EXERCISE DETAILS → When you reach the line containing "thumbnail image 1", begin reproducing the material exactly, stop after the line containing "Tall Cat Tree", and leave out any pictures along the way.

DATA SECTION →
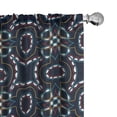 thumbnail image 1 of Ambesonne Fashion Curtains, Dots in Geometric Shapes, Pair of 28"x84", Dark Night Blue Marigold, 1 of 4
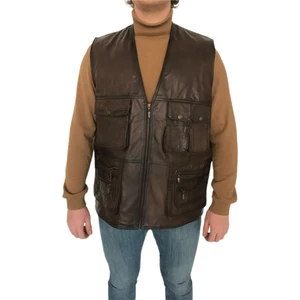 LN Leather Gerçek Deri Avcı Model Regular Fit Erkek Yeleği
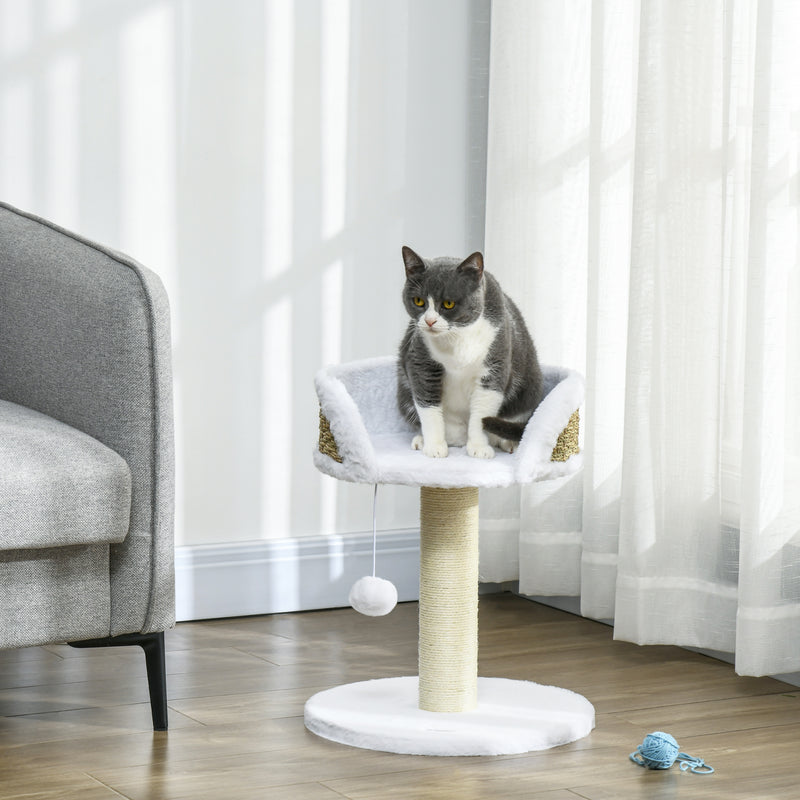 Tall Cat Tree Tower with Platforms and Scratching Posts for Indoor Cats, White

--

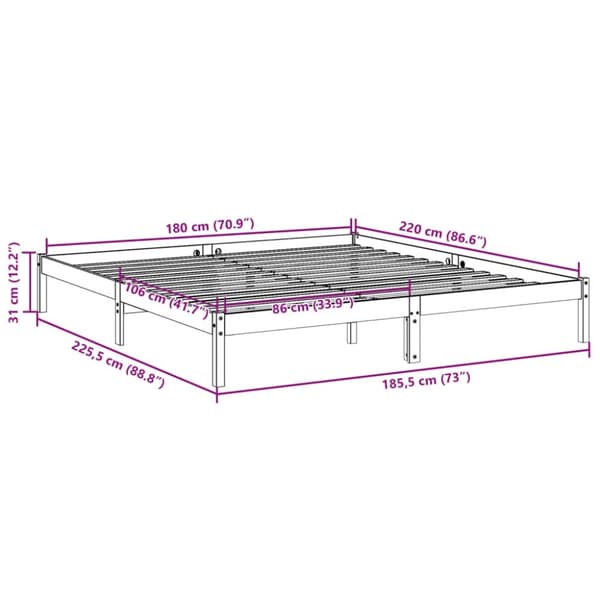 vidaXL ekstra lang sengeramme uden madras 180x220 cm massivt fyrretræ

--

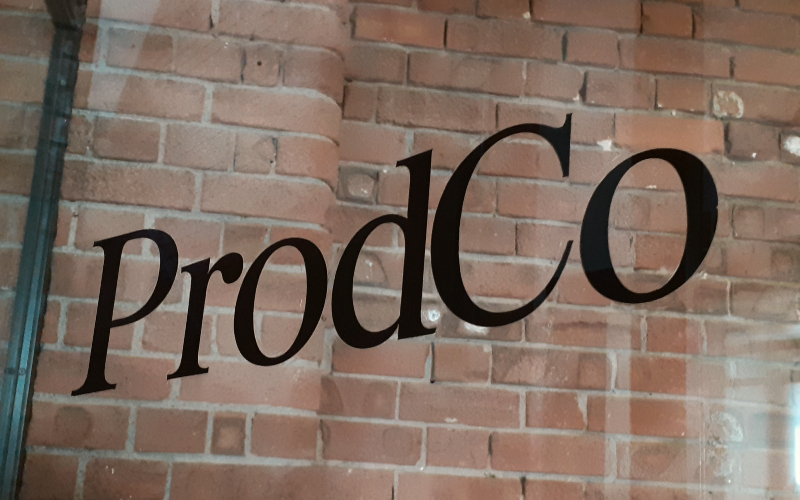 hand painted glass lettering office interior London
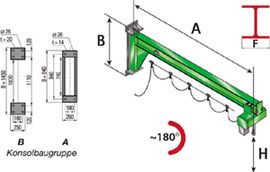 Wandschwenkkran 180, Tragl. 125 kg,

ANSWER →
 thumbnail image 1 of Ambesonne Fashion Curtains, Dots in Geometric Shapes, Pair of 28"x84", Dark Night Blue Marigold, 1 of 4
 LN Leather Gerçek Deri Avcı Model Regular Fit Erkek Yeleği
 Tall Cat Tree Tower with Platforms and Scratching Posts for Indoor Cats, White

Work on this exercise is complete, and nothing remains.